When Michael Jordan Moved Into Rarefied Air

In honor of MJ's 50th, an old U.S. News column offers a glimpse of his mortal beginnings.

By + More
Chicago Bulls guard Michael Jordan holds up six fingers for the six NBA Championships the Bulls have won after Chicago defeated 87-86 in Salt Lake City, Sunday, June 14, 1998.
Chicago Bulls guard Michael Jordan holds up six fingers for the six NBA Championships the Bulls have won after Chicago defeated 87-86 in Salt Lake City, Sunday, June 14, 1998.

"His Airness" Michael Jordan turns half a century this Sunday. Back in 1991, Jordan was a 28-year-old veteran with a shoe deal, but no championship rings. It was a year before the Dream Team and the worldwide stardom that accompanied it, two years before the murder of his father that would lead Jordan to take a hiatus from basketball, and venture into the dusty fields of minor league baseball, and twelve years before he would step away from the court for good.

When this U.S. News & World Report column was published in 1991, Jordan was just a really good basketball player. He had made a name for himself not through winning—his Bulls had been knocked from the playoffs every year since he joined them in 1984—but for how he played. Jordan flew.

[READ: Like Mike? Peers See LeBron For Own Greatness]

"He defies gravity much as he defies the tyranny of everyday life," as William Allman writes.

Two days later, Jordan would win the first of three consecutive NBA championships, which themselves were the first of two back-to-back-to-backs. This piece offers perhaps a last glimpse of Jordan the mortal, the high-flying basketball player. Now, with six championship rings, his own NBA team, a billion dollar apparel brand, and one of the most famous names in the world, he is slightly more than that.

"Perhaps the best player in the history of the sport," Allman writes. How quaint.


This column originally appeared in the June 10, 1991, issue of U.S. News & World Report.


Liftoff: Rising Above the Ordinary Ambiguities

It is a moment that is rare in sports, rarer still in the life of Michael "Air" Jordan: a dollop of ambiguity frozen in the camera's lens. Is the Chicago Bulls superstar on his way up or down? Will he score? Will it matter?

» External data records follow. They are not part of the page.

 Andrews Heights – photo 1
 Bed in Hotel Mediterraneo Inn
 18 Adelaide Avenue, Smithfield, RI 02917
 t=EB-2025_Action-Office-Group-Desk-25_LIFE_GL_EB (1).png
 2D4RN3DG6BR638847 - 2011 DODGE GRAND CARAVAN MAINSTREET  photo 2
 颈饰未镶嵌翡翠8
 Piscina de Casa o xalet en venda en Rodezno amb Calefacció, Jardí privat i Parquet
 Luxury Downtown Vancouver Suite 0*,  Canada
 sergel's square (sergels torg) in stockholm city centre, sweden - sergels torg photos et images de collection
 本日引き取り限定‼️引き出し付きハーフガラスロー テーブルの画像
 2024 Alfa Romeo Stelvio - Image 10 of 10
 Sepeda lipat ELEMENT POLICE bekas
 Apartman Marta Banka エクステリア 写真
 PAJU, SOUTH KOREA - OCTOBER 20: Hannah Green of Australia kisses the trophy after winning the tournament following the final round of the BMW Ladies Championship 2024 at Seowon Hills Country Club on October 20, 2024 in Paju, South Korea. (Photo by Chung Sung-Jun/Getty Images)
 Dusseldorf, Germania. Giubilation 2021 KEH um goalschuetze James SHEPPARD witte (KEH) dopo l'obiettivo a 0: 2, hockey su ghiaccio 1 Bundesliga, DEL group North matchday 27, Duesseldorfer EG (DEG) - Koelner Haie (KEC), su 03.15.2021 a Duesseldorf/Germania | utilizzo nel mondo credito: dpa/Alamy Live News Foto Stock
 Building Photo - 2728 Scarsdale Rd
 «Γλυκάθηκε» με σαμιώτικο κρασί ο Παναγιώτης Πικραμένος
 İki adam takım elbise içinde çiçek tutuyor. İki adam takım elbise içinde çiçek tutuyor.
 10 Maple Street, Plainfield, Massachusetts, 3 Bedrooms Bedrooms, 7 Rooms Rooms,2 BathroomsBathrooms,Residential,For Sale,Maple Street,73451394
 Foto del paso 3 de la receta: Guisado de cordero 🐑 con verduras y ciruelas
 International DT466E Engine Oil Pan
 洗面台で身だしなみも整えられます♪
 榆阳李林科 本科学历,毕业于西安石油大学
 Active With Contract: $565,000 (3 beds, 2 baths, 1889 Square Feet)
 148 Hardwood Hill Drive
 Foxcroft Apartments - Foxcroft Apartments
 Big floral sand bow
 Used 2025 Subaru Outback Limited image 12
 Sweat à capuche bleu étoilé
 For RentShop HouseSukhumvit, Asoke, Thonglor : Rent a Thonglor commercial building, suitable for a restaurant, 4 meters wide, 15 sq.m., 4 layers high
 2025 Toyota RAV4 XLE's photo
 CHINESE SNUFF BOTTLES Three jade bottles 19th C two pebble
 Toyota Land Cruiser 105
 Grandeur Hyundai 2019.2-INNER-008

Ambiguity melts quickly in the coliseums where men and women play out America's favorite pastimes. A passion play of perfect spheres and regular polygons, a sporting event is an all-out assault on everyday life's compromises and uncertainties. As Jordan and the Bulls battle the Los Angeles Lakers this week in the NBA finals, it soon will be clear who the winners and losers are; equally clear are the terms under which each will have gained his status. There will never be a world's best novel, government, pizza or parent. But for a few months, at least, Jordan and his teammates may be able to repeat the two words over and over like a mantra, mixing the crystalline purity of the expression with the muddied exhalations of ordinary existence.

It is in its perfect clarity, perhaps, that sport gives its ultimate solace. In sports, ambiguity comes in scintillas that can be savored like some exotic spice: the pause while a baseball manager considers whether to pull his pitcher for a pinch hitter when the game is on the line, the quarterback-coach sideline huddle when it's fourth and goal and seconds left. We enjoy these moments because we know there will be a final accounting: a home run, a blocked pass, the snap of the net as the ball whooshes through.

Real life, however, gives us no such satisfaction. Real life is "the great American hero," Ollie North as the subject of a Supreme Court ruling over his alleged transgressions, a hospital battling to override a husband's wishes to keep his wife hooked to machines that keep her alive, the long-awaited end, with American encouragement, of Ethiopia's unpopular Marxist government, which unleashes anti-American protests.

In his miraculous leaps, Jordan typifies the willing suspension of disbelief that we bring to sports. It is a yearning to be removed from earthly complications, a desire to experience a world made perfect and, in the case of Jordan, played to perfection. Now that sports heroes, too, seem to reside in the shadowland of ambiguity with their money lust, drug habits and antiheroic ways, Jordan shows us that what is true of sports can still be true of people. As the best poets do with language, he demonstrates how the humble trappings of our flesh-and-bone existence can be exalted, making even the extraordinary men of the NBA seem flat-footed and human. Perhaps the best player in the history of the sport, he seems as reverent and respectful of his amazing abilities as we are.

Jordan is precisely what we love about sports. He defies gravity much as he defies the tyranny of everyday life. For the moment, he is flying. For the moment, we are transported to a world free of sticky ends, compromises and complications. We watch him leap, hoping he will never come down.